Was Sie tun, um Direktbuchungen zu erhöhen – Audience-Aufbau, Performance-Aussteuerung, Tracking, Conversion-Optimierung – funktioniert exakt genauso für Mitarbeiter-Akquise. Das Werkzeug ist dasselbe. Die Zielgruppe ist anders. Die Sprache ist anders. Aber die Mechanik ist dieselbe Performance-Disziplin.

Hotels, die beide Seiten gleichzeitig denken, haben einen messbaren Doppel-Vorteil: sie reduzieren OTA-Abhängigkeit (Gäste kommen direkt) und Recruiting-Kosten (Mitarbeiter bewerben sich kontinuierlich, nicht nur in Stress-Phasen). Beide Hebel zahlen auf die Marge ein. Beide Hebel brauchen dieselbe Performance-Infrastruktur.

Wenn Sie sich auch für die Gäste-Seite interessieren: Hotel-Marketing-Ansatz auf nordsteg.at – inklusive Beispielcase mit +150 Prozent Buchungen in 12 Monaten.

Häufige Fragen

Was Hoteliers vor dem ersten Gespräch fragen.

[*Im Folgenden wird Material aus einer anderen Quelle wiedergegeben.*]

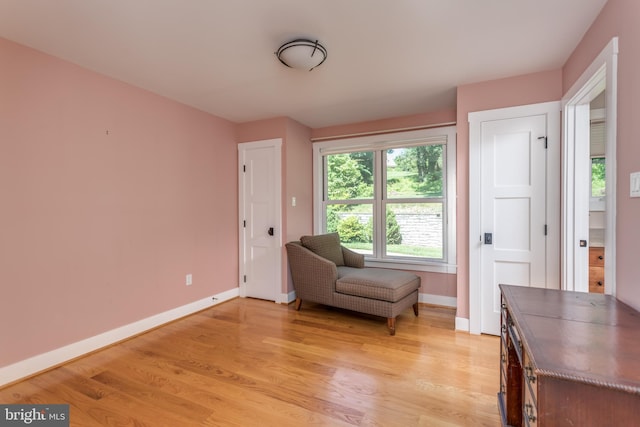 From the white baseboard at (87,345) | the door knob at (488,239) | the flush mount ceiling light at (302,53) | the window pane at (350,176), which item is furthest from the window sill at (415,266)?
the flush mount ceiling light at (302,53)

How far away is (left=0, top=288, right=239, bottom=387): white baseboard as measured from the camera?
1988 mm

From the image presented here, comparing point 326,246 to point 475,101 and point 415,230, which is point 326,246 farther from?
point 475,101

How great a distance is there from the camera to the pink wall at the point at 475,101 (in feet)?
8.07

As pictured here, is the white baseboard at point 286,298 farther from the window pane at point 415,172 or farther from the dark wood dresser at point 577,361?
the dark wood dresser at point 577,361

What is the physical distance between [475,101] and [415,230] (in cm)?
163

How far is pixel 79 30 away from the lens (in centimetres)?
188

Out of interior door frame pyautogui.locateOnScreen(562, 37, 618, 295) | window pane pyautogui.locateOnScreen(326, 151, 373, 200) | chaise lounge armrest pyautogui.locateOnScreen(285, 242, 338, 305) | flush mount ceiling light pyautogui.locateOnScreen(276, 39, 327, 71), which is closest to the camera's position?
flush mount ceiling light pyautogui.locateOnScreen(276, 39, 327, 71)

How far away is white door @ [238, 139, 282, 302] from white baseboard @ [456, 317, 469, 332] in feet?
6.73

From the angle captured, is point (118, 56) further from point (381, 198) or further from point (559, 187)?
point (559, 187)

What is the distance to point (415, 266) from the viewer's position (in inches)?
143

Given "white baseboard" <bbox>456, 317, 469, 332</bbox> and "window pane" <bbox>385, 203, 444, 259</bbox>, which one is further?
"window pane" <bbox>385, 203, 444, 259</bbox>

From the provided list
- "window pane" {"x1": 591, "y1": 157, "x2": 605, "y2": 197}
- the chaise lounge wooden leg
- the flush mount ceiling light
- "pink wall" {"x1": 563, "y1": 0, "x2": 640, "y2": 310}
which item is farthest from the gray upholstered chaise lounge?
"window pane" {"x1": 591, "y1": 157, "x2": 605, "y2": 197} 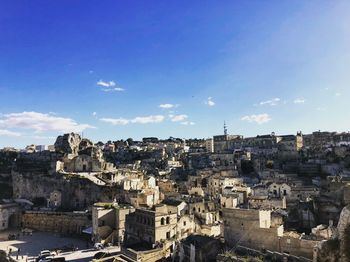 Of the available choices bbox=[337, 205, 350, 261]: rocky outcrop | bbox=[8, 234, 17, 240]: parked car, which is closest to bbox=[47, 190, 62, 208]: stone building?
bbox=[8, 234, 17, 240]: parked car

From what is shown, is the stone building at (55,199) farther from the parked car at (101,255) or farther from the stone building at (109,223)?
the parked car at (101,255)

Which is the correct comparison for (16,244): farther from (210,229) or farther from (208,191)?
(208,191)

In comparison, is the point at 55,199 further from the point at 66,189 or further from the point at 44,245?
the point at 44,245

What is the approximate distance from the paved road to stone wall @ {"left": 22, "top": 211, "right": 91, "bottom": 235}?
133cm

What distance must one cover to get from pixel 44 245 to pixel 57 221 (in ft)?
24.6

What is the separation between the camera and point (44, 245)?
41094 mm

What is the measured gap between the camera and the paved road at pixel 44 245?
3483cm

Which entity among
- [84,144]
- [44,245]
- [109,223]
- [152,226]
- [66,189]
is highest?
[84,144]

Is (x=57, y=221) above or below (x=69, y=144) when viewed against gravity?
below

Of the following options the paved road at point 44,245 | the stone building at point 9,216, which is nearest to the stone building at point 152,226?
the paved road at point 44,245

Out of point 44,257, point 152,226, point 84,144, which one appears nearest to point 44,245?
point 44,257

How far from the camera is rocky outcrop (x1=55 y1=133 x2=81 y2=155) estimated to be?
7444 centimetres

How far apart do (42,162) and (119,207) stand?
124 ft

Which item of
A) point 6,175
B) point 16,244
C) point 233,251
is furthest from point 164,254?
point 6,175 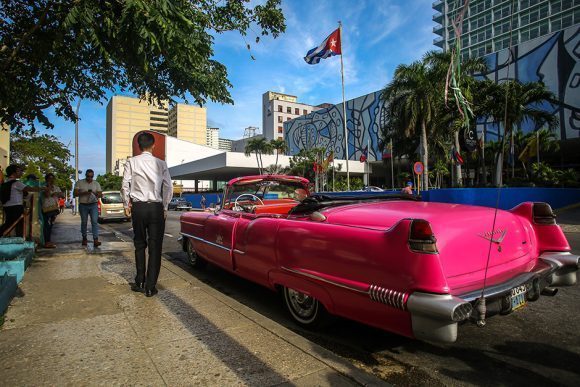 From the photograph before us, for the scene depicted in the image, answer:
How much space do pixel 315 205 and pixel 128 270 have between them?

Wann starten wir mit Performance-Recruiting für die nächste Saison?
Drei Monate vor Saisonbeginn ist der ideale Startpunkt für Saisonkräfte-Aktivierung. Für die Sommersaison heißt das Oktober bis Dezember, für die Wintersaison April bis Juni. Stammpersonal-Audience wird das ganze Jahr aufgebaut, ohne saisonale Pausen. Wer im Februar erst startet, kommt zu spät – die guten Saisonkräfte haben ihre Entscheidung längst getroffen.
Was kostet ein Hotel-Performance-Recruiting-Setup?
Setup zwischen 4.500 und 9.000 Euro je nach Tiefe (Audience-Architektur für beide Wellen, mehrsprachige Ad-Creatives, Bewerbungs-Landingpage, Tracking, Saisonkräfte-Wiedereinstieg-Mechanik). Laufende Aussteuerung typischerweise 1.200 bis 2.500 Euro pro Monat plus Werbebudget. CPA pro Position siehe Tabelle oben.
Wie funktioniert mehrsprachige Aussteuerung?
Service- und Hauswirtschaft-Positionen werden mit übersetzten Ad-Creatives auf Kroatisch, Slowakisch, Ungarisch, Tschechisch und Englisch ausgesteuert – gezielt auf Audiences in den jeweiligen Communities. Bewerbungs-Landingpage mehrsprachig oder mit Englisch als Hauptzweitsprache. WhatsApp-Erstkontakt funktioniert sprachübergreifend.
Was passiert mit Saisonkräften vom Vorjahr?
Sie kommen in eine Custom-Audience für Vor-Saison-Reaktivierung. Drei Monate vor Saisonbeginn gezielte Reaktivierungs-Kampagne mit Updates über das Hotel. Diese Mechanik hat in der Praxis Saisonkräfte-Rückkehr-Quoten von 30–40 Prozent auf 60–70 Prozent gehoben – bei Bruchteil-CPA gegenüber Neuakquise.
Wie messen wir den Erfolg?
Cost-per-Application pro Position, Quality-Score der eingehenden Bewerbungen, Time-to-Hire, Saisonkräfte-Rückkehr-Quote. Die wichtigste Metrik ist die Rückkehr-Quote – sie ist der direkteste Indikator für funktionierende Mitarbeiter-Bindung. Außerdem messen wir die Audience-Größe pro Welle als Frühindikator für künftige Bewerbungs-Verfügbarkeit.